| What to work on |
Copy the material below verbatim from the line with "honda odyssey 2016" to the line with "Экран Touchscreen для", both lines included, omitting pictures and every line outside that range.

| Excerpted data |
*** Begin section ***
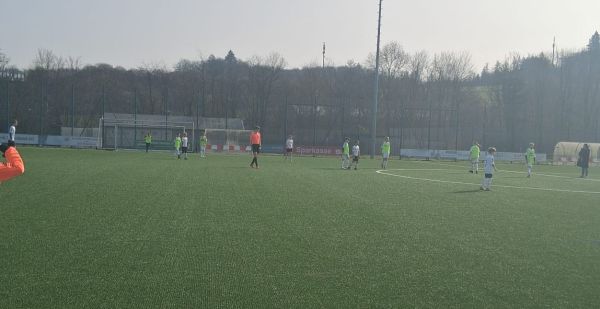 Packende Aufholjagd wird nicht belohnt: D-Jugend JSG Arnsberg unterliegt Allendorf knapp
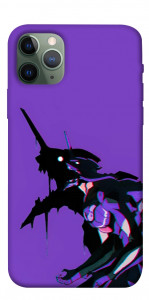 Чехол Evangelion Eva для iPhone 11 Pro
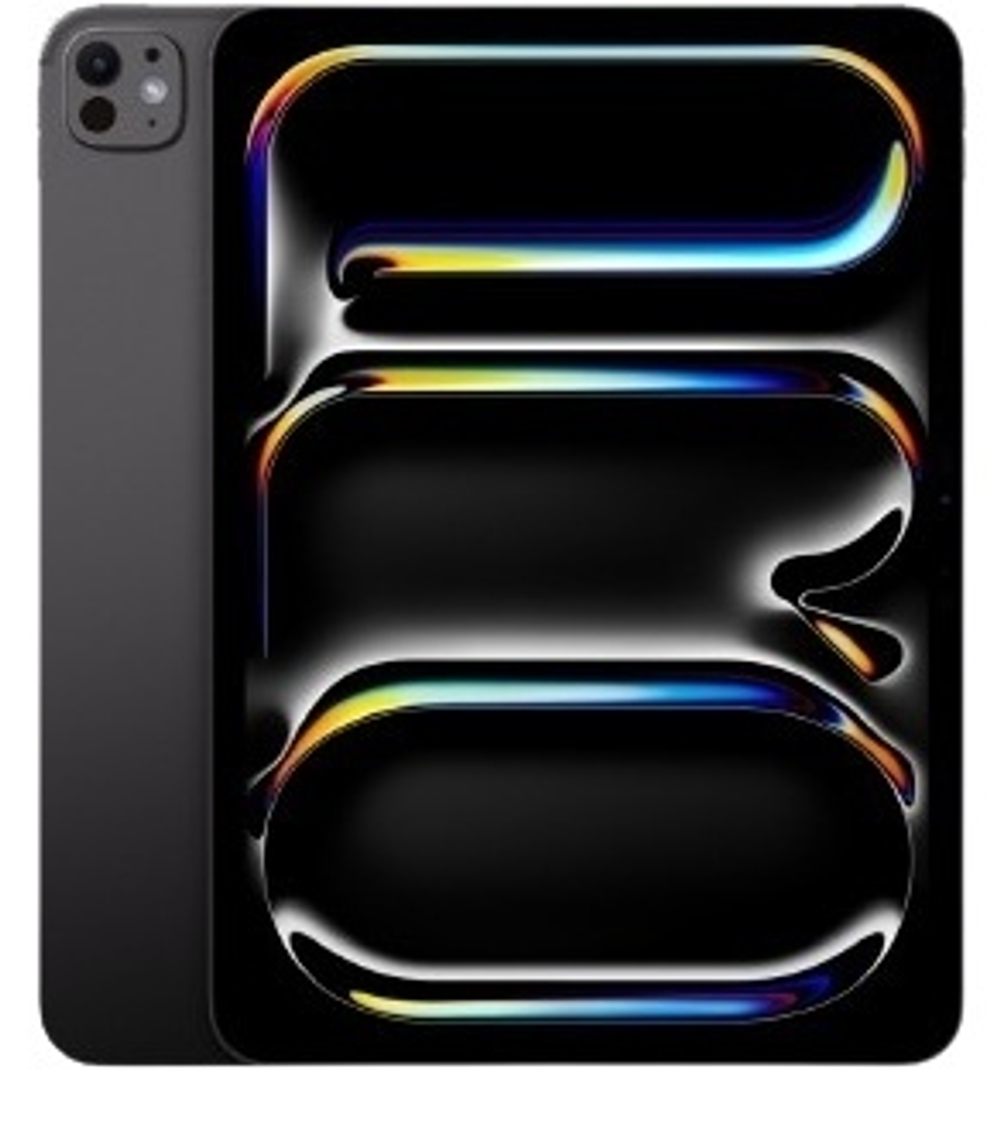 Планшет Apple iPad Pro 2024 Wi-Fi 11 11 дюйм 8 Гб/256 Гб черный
*** End section ***
*** Begin section ***
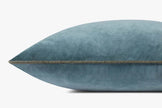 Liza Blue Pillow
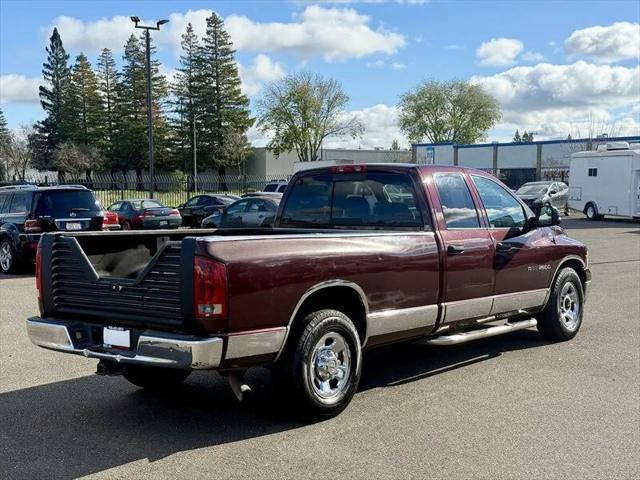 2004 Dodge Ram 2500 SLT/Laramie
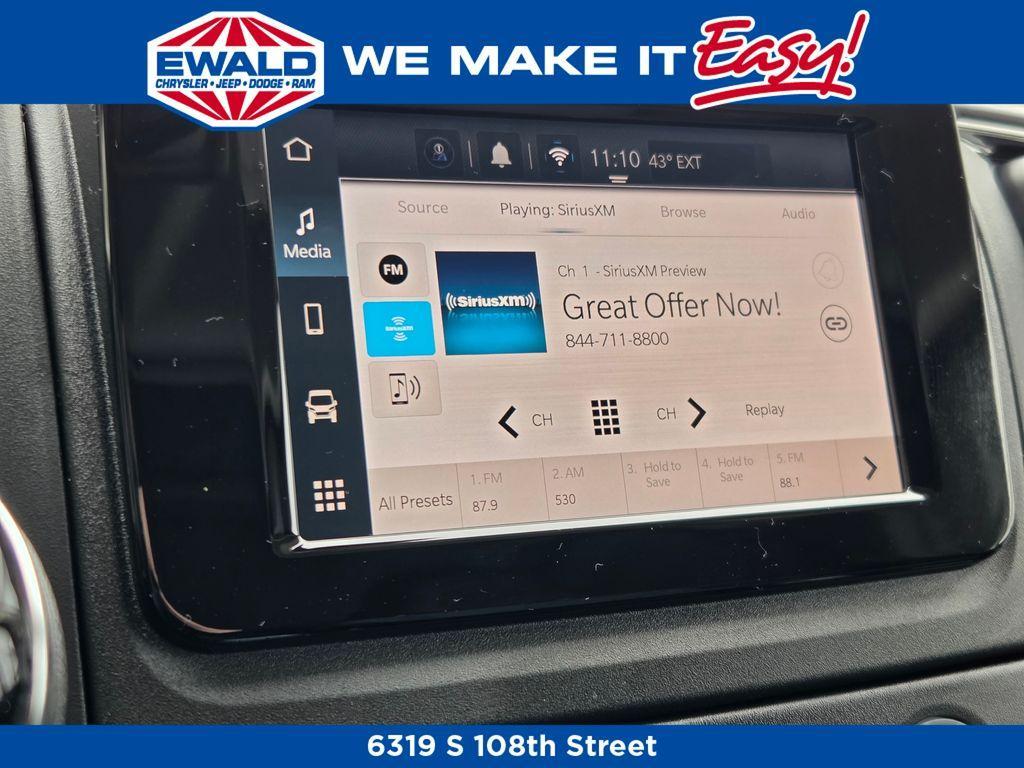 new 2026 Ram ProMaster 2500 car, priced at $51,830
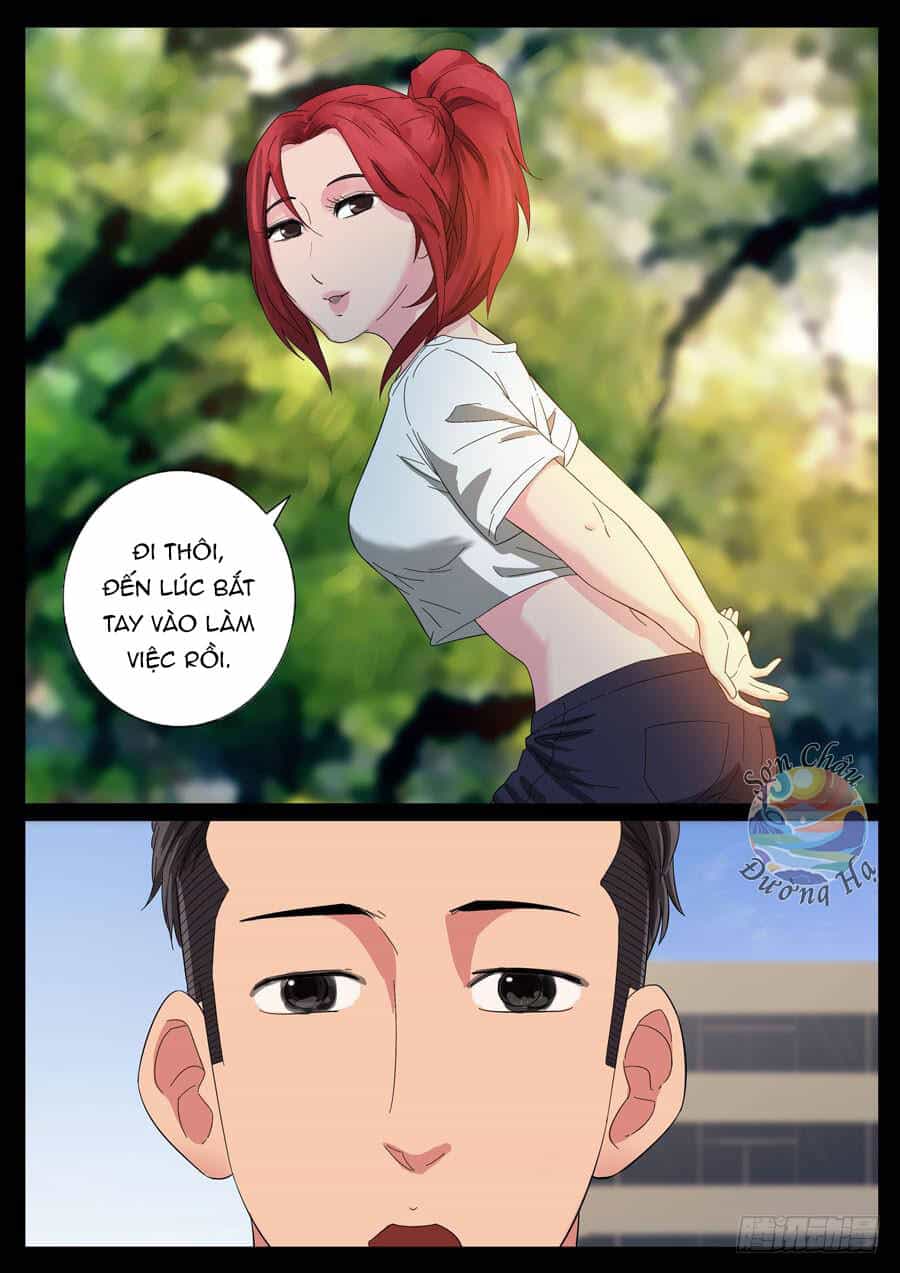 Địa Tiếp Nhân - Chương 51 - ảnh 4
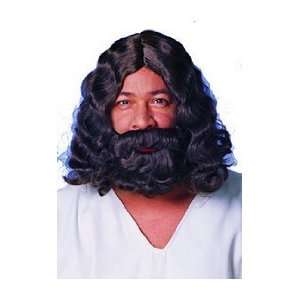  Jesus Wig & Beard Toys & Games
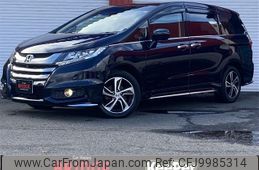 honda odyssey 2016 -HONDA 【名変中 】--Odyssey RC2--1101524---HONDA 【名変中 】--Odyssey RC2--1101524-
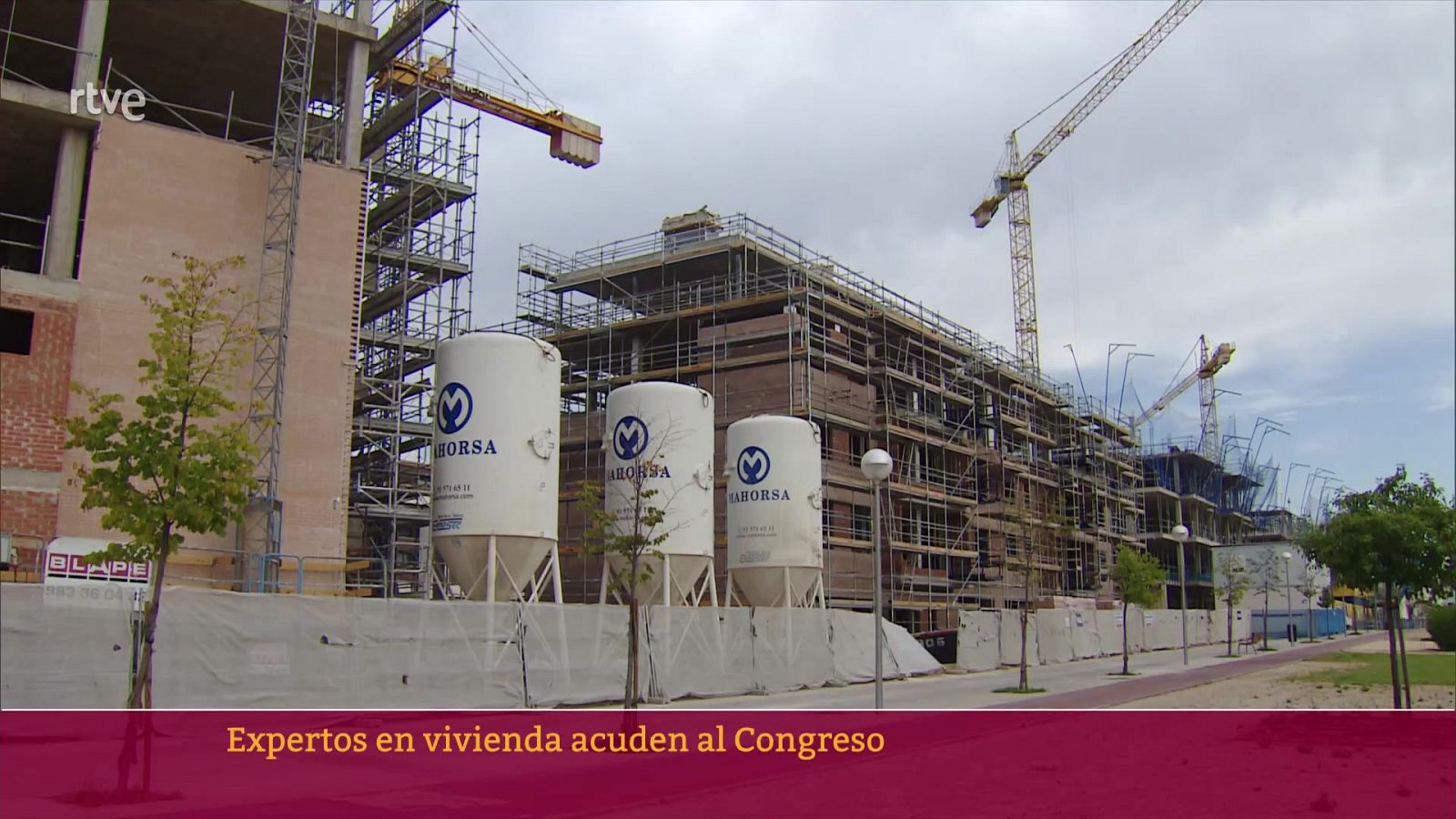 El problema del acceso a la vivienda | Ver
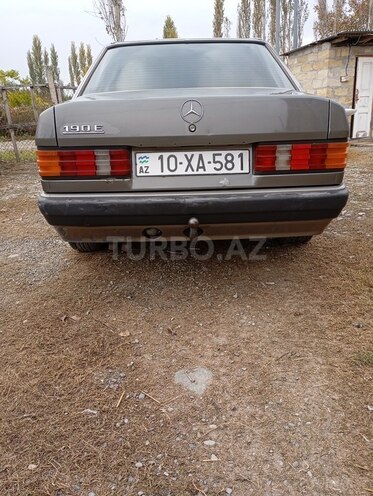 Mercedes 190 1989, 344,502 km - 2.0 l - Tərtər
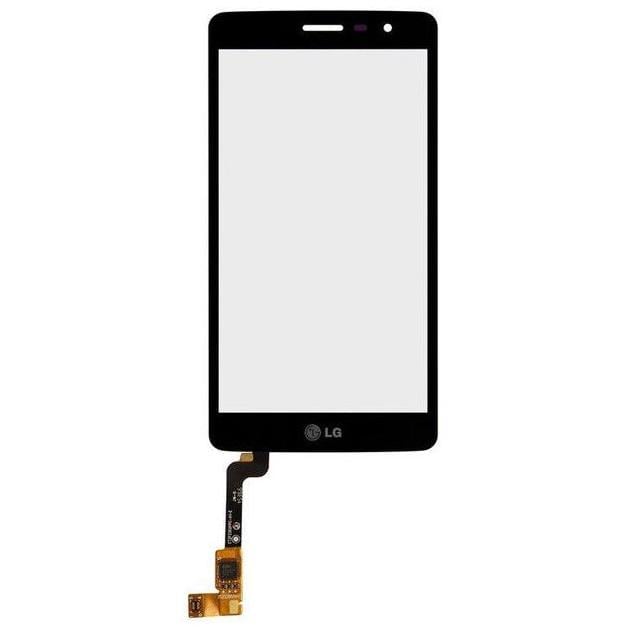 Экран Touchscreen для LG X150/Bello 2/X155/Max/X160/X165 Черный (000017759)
*** End section ***
| Reply to the task |
 honda odyssey 2016 -HONDA 【名変中 】--Odyssey RC2--1101524---HONDA 【名変中 】--Odyssey RC2--1101524-
 El problema del acceso a la vivienda | Ver
 Mercedes 190 1989, 344,502 km - 2.0 l - Tərtər
 Экран Touchscreen для LG X150/Bello 2/X155/Max/X160/X165 Черный (000017759)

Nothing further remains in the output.